• [Recorded information]
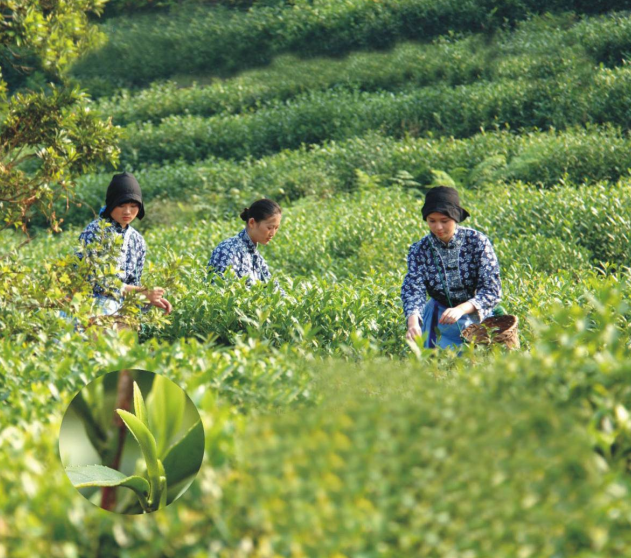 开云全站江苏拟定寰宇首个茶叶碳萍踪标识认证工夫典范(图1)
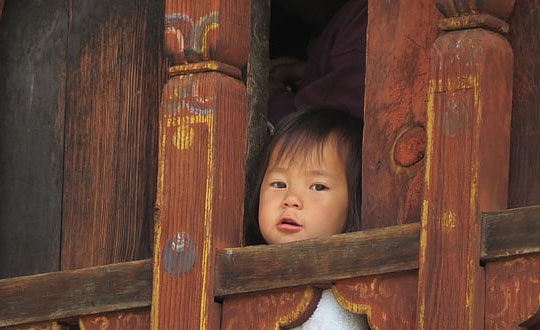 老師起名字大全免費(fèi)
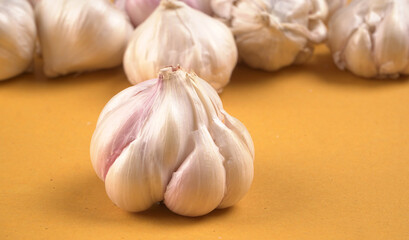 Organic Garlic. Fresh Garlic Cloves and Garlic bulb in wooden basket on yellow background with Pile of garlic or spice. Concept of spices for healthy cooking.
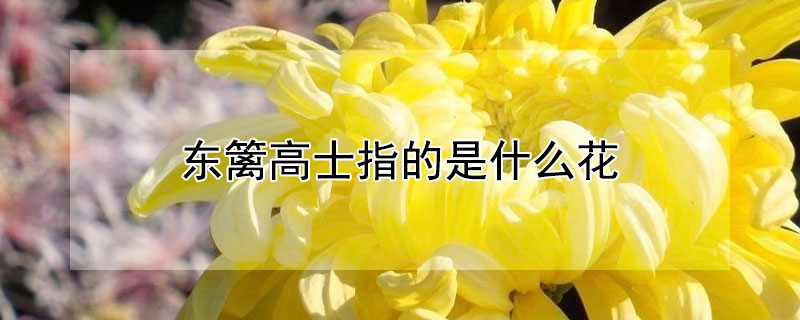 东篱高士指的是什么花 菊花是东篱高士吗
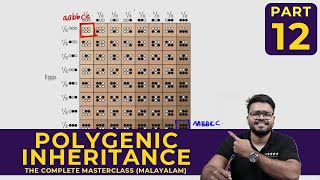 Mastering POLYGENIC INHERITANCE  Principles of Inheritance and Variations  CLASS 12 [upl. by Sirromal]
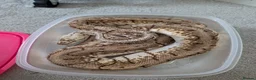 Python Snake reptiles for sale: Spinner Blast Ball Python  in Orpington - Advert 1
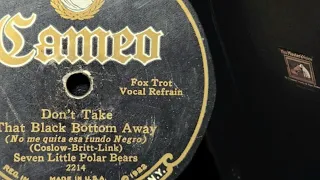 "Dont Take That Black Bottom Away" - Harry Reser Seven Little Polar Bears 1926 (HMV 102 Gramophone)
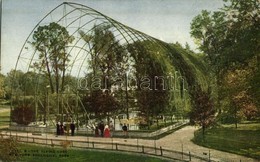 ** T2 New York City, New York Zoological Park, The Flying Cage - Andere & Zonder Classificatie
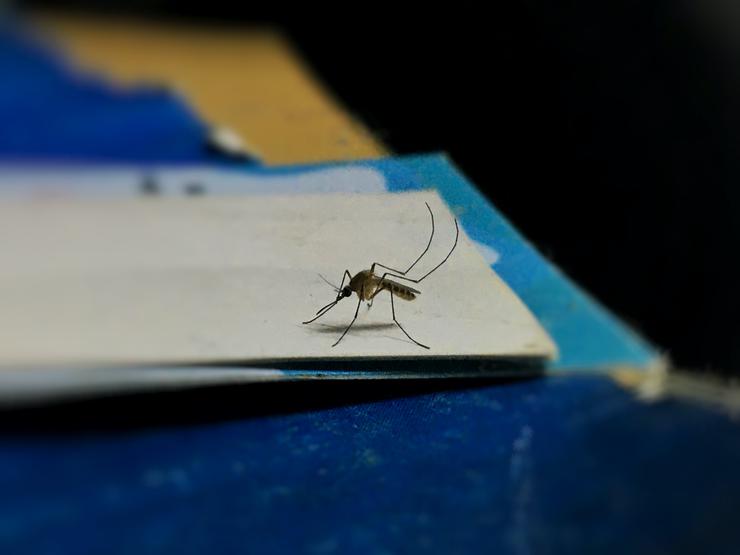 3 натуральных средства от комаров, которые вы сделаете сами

• [Work item] All lines between the one that contains "(HMV 102 Gramophone)" and the end of the records above, both included, are to be returned exactly as they stand, except for pictures, which are omitted.

• [Written solution]
 "Dont Take That Black Bottom Away" - Harry Reser Seven Little Polar Bears 1926 (HMV 102 Gramophone)
 ** T2 New York City, New York Zoological Park, The Flying Cage - Andere & Zonder Classificatie
 3 натуральных средства от комаров, которые вы сделаете сами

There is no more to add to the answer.